En début d’année, la Chambre des députés luxembourgeoise a majoritairement voté en faveur d’une motion qui invite le  gouvernement à inciter le FDC à investir conformément à l’accord de Paris sur le climat et aux objectifs de durabilité, et à désinvestir des entreprises dont le modèle économique n’est pas conforme à l’objectif de 1,5°C, tout comme des producteurs d’électricité nucléaire.


Notes à la presse :
[1] Rapport annuel de la SICAV du FDC, https://fdc.public.lu/en/publications/rapports-financiers-fdc/rapport-annuel-2020-sicav-fdc11.html
[2] Il s’agit de 272 entreprises, dont ExxonMobil, Total Energies, Berkshire Hathaway Energy, Chevron, BP, Shell.

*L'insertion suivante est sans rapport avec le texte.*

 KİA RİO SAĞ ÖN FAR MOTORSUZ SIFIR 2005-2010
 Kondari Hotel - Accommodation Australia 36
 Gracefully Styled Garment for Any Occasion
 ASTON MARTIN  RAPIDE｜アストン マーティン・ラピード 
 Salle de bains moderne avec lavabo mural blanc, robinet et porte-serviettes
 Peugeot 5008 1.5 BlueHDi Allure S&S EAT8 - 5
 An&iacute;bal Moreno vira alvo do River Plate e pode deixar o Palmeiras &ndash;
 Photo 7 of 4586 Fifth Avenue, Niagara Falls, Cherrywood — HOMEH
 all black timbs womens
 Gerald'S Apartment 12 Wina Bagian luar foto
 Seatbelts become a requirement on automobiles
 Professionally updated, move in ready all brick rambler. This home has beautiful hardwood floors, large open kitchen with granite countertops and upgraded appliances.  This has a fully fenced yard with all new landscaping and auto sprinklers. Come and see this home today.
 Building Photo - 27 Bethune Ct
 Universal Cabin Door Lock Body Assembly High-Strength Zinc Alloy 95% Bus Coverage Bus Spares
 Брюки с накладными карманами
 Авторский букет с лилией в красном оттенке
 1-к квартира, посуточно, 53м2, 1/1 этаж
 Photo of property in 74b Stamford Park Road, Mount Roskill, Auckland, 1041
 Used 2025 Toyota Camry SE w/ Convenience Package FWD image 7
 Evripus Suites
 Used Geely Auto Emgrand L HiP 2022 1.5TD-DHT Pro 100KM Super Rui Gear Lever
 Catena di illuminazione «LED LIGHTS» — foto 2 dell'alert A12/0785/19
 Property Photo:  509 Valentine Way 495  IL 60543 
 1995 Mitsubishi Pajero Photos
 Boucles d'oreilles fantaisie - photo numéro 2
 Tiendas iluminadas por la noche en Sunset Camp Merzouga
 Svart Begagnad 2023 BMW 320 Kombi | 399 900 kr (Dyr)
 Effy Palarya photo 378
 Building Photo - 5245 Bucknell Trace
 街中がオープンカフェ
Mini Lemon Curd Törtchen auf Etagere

L’analyse a été réalisée sur la base de la Global Coal Exit List et de la Global Oil and Gas Exit List :
https://www.coalexit.org
https://www.urgewald.org/global-oil-and-gas-exit-list
[3] Dont : Procter & Gamble, McDonalds, Starbucks, Walmart https://earth.org/major-companies-responsible-for-deforestation/ 
[4] Il s’agit de 211 entreprises, dont : Engie, EDF, Enel, E.on, Benchmark
[5] https://www.worldbenchmarkingalliance.org/publication/chrb/companies/. Greenpeace s’est basée sur le Corporate Human Rights Benchmark 2022, qui évalue les entreprises du monde entier en fonction de leur performance en matière de droits humains. Il s’agit d’un indicateur de ce que certaines entreprises font pour protéger les droits humains (aussi bien au sein de leur entreprise que dans leurs chaînes d’approvisionnement) à travers leurs politiques, processus et pratiques, sur la base d’informations publiquement disponibles. Il s’agit d’entreprises telles qu’Amazon, Starbucks, McDonald’s, Volkswagen, Coca-Cola ou Microsoft.